This year, World Radio Day is being celebrated under the theme “Radio and Diversity”. Indeed, radio remains the most widely consumed information medium in Nepal, with the unique ability to reach out to the widest audience. Radio has the ability to shape a society’s diversity and stand as an arena for all voices to speak out, be represented and heard.
Nepali radio broadcasters have done a commendable job to ensure that correct and timely information is reaching the people living in the most remote areas, who often do not have access to newspapers, television or the Internet.
The media landscape is fast changing worldwide and in Nepal. It is essential to invest more to make the sector stronger, and also to counterbalance the present increased risks of the fast spread of disinformation and fake news.
A strong, free and independent media is the foundation for peace, democracy and development. It is necessary for people to be able to express themselves without fear.
The Constitution of Nepal guarantees fundamental rights, including the freedom of expression, right to communication, right to information and privacy. It gives guarantees against censorship and closure and interruption of media, including electronic and broadcast media. These basic rights in the spirit of the Constitution as well as Nepal’s international commitments will strengthen Nepal’s democracy.
On this World Radio Day, we appeal to the country’s decision makers and believe that Nepal will adopt all media-related policies to provide a conducive environment for media freedom. To achieve the Sustainable Development Goals by leaving no one behind, it is important to ensure diversity of ownership, participation, location and content of radio-based media in Nepal. This will catalyze the empowerment and development of marginalized people.
Nepal has a history of seven decades of radio journalism. More than 600 private, public and community radios are dedicated to serving their communities through the dissemination of information, education and entertainment. The first community radio in South Asia was established in Nepal in 1996 and the numbers have only increased.
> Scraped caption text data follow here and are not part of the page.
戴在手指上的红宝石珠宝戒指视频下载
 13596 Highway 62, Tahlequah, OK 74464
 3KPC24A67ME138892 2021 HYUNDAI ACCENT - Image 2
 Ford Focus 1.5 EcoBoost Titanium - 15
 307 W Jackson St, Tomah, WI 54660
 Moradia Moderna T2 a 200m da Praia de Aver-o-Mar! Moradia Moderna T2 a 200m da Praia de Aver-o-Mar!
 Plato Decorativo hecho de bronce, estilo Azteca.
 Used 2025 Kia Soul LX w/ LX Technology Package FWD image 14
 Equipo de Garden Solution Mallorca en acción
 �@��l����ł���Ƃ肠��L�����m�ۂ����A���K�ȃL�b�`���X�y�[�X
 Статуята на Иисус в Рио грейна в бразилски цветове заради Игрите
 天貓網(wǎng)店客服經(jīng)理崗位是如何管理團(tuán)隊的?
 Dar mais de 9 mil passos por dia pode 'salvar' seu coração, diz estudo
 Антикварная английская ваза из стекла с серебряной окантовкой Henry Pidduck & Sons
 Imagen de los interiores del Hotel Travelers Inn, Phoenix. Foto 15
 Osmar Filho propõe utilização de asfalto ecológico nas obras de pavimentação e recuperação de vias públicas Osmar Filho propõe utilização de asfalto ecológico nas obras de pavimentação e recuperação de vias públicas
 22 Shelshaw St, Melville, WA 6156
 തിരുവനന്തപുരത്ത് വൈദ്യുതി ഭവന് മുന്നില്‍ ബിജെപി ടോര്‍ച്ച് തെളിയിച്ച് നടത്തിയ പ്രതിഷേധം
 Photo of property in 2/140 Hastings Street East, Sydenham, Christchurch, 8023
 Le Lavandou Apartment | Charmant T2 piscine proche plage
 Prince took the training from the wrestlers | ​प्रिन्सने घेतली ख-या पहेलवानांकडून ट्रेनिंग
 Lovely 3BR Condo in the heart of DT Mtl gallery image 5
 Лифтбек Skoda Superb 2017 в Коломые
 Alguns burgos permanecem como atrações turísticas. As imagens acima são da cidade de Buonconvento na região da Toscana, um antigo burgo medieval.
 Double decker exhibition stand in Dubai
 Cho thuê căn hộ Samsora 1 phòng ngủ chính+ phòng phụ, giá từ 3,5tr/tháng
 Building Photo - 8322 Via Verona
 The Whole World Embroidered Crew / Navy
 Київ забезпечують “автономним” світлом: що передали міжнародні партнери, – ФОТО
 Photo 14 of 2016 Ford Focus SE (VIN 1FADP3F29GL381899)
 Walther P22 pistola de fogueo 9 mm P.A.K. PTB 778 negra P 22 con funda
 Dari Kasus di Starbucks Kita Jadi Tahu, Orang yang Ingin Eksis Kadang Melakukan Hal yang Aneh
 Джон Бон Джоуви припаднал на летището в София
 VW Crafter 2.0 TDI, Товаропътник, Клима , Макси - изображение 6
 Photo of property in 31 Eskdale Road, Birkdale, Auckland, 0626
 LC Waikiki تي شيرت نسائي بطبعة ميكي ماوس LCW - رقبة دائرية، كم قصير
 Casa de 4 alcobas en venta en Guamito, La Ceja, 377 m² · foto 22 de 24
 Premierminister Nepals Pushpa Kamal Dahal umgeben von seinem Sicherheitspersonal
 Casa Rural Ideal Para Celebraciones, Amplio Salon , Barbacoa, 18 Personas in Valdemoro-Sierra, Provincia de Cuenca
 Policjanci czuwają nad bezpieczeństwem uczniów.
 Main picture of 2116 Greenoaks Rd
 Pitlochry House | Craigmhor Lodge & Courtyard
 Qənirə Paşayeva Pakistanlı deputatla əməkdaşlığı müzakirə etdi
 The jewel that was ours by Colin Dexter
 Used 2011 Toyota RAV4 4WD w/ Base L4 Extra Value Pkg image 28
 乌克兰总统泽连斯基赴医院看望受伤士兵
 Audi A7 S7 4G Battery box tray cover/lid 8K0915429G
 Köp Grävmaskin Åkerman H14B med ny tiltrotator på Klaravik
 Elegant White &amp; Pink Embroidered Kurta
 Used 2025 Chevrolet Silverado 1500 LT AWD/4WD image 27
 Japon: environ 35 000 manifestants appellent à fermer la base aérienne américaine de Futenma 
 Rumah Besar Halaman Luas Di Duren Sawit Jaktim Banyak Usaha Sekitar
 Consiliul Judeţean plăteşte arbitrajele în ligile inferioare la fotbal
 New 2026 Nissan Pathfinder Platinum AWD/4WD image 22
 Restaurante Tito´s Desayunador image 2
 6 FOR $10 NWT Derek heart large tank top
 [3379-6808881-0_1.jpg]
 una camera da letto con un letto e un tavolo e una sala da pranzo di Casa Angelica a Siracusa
UNESCO has supported community radios since then, and in 2019, with the support of UNESCO, Association of Community Radio Broadcasters Nepal (ACORAB) formulated a set of recommendations on a media policy, which was presented to the government. They included endorsement of the universally agreed-upon definition of community broadcasting, allocation of frequencies, ensuring ownership and participation of community members in radio stations, establishment of an independent regulatory agency for media, and setting up an independent fund for the development of the broadcasting sector, all of which we hope will receive the government's highest consideration.
UNESCO echoes its commitments to support Nepal in promoting press freedom, safety of journalists, gender equality in media, freedom of expression and access to information for all.